The GEP project values express what we believe is important in how we work on the project and engage with each other and external stakeholders. Our values motivate and guide our decision-making and help us to determine our priorities. They relate to the intended outcomes of the GEP project as well as the actions we will take to reach these goals.  We understand values as dynamic, which means they may evolve during the research process. We also understand them as recursive, which means we will continually reflect upon them to ensure our actions (what we do) mirror our motivations (what we ought to do). Our values are based on an intersectional understanding of gender equity and are embedded across all areas of project activity.

In some instances, actions that correspond to one of our values may contradict another value. We therefore may need to prioritise some values over others. Rather than being read as a checklist, our values statement is best understood as guidance for action.

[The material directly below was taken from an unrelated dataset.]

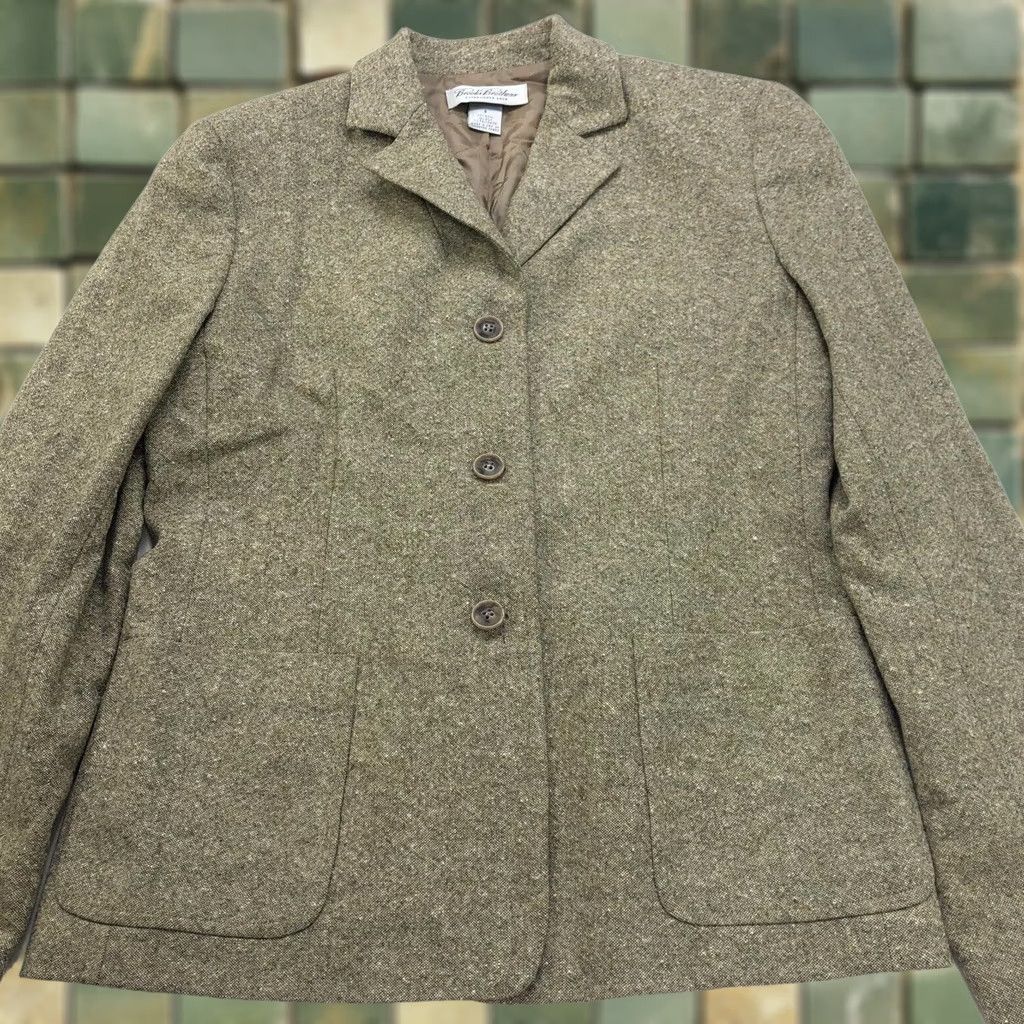 Brooks Brothers Brooks Brothers Blazer Beige Wool Silk Button Made In USA Womens 6 Blazer Jacket Size M / US 6-8 / IT 42-44 - 1 Thumbnail
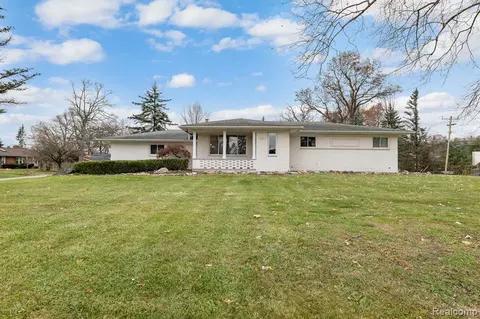 309 Hiram St, Lake Orion, MI 48360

The GEP project has four core values:

  • Accountability – our work does not happen in a vacuum but in interaction with a range of others, inside and outside of academia. Central to our relationship with others is accountability: for example, we are accountable to those whose stories we tell; to each other as a project team; to other researchers and future users of our work. Inversely, the GEP project can also function as a tool to hold others to account and use findings to disrupt the status quo in the film industry.
  • Interconnectedness – a two-way relationship exists between ourselves and the focus of our research. We are implicated in what we seek to change, in terms of the assumptions we bring to our research and our immersion in the topic. Reflecting on our interconnectedness requires us to create opportunities for solidarity between and across different groups.
  • Willingness to share power – research is a political endeavour and we aim to redistribute resources and disperse power (as a means to bring knowledge into being) among individuals and organisations involved.
  • Responsibility – with our position in the academic and industry landscapes comes a responsibility to use our power for good. Knowledge produced by the project should uplift and strengthen the work of others who address gender inequity and make solutions visible.

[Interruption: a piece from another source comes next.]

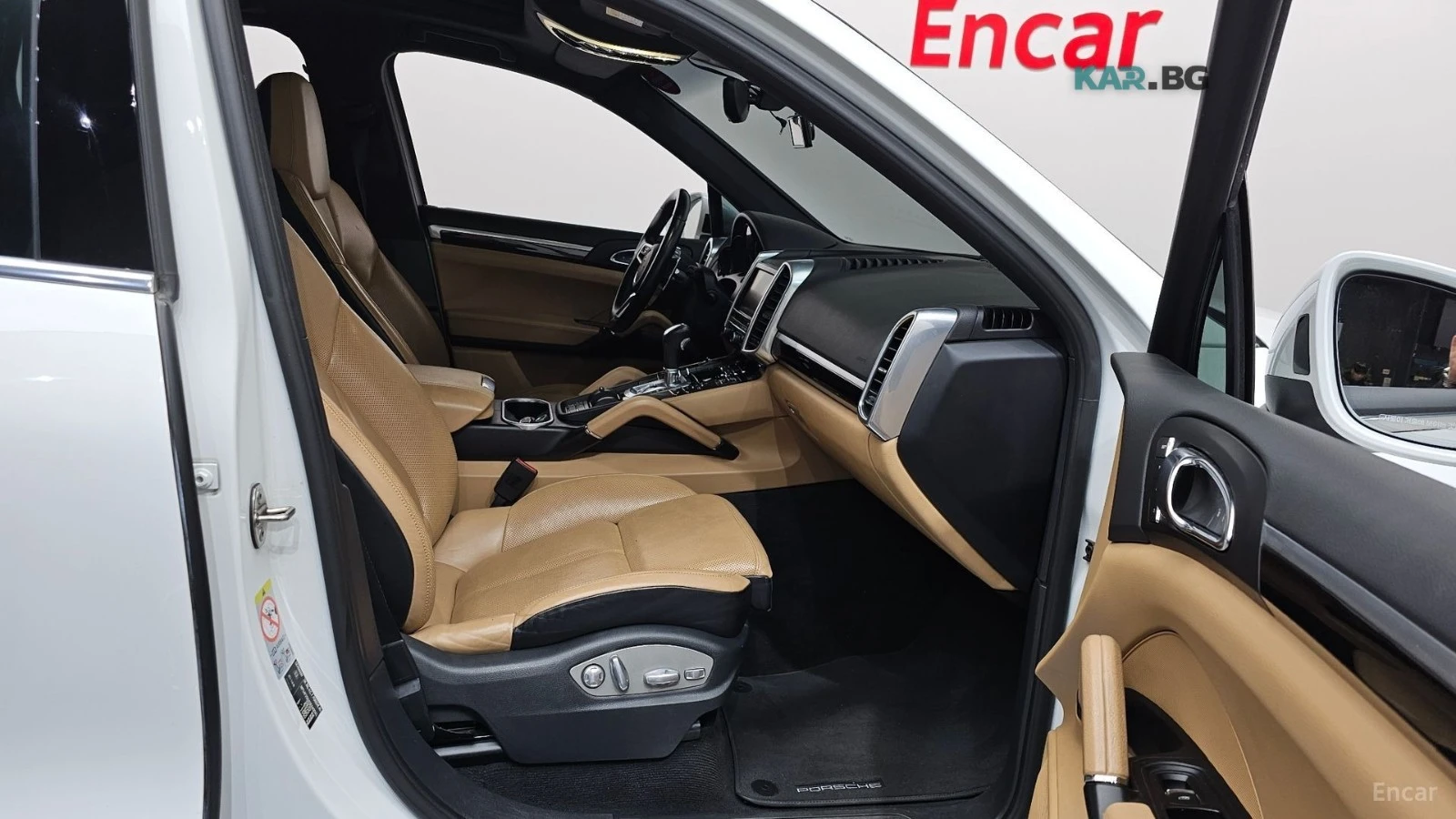 Porsche Cayenne 3.0 DIESEL* LCA* КОЖА* ПОДГРЕВ* ПАНОРАМА* , снимка 11 - Автомобили и джипове - 54997166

These core values inform our practice across four areas of project activity:

Communication and engagement: how do we share knowledge with the wider world?

The GEP project will communicate with a diverse range of people using different formats and mediums. As an international team working across multiple locations, cultures and languages we actively listen and learn from one another, and create space where misunderstandings are constructively resolved. We use accessible language and are transparent about the limitations of our knowledge. We share knowledge in ways that maximise impact, strengthens and empower others, and mobilises individuals, groups and communities to take action.

Recognition: where do we find knowledge and how do we recognise the work of others?

The GEP project invites and collects knowledge from a diversity of voices. We recognise that opportunities to produce and contribute knowledge are unequally distributed, requiring us to be generous and proactively respond to barriers and challenges that arise from exclusionary power structures. We foreground the voices of those with greatest proximity to the issue under investigation. Our interactions with others are non-exploitative and we meaningfully recognise, reward and value people’s labour. Our representation of the lives and experiences of others will never present a complete picture, we therefore value feedback on our work.

Rigour: how do we ensure the knowledge we produce is reliable, robust and improves academic practice?

The GEP project is based on academic principles that promote ethical and robust scholarship. While building on what has come before, we have the courage to critically interrogate assumptions and propose new ways to understand and address the problem of gender inequity in the film industry. We proactively invite project team members and externals to scrutinise our work and constructively engage with their feedback. We recognise our responsibility to produce work that empowers the next generation to do better.

Team relations: how do we engage with other team members on the project?

As academics and professionals, we oppose confrontational working cultures. Relations between project team members are built on a foundation of fairness and respect. We foster a culture where team members enjoy working with each other, feel able to make themselves vulnerable and – in turn – feel uplifted by the team and receive reciprocal moral support. When issues are voiced, they are expressed constructively with an eye to productive solutions.

The GEP project team will review our values statement every six months. This review will enable us to reflect upon what we are doing, assess whether our values align with our actions and agree on any changes to our values.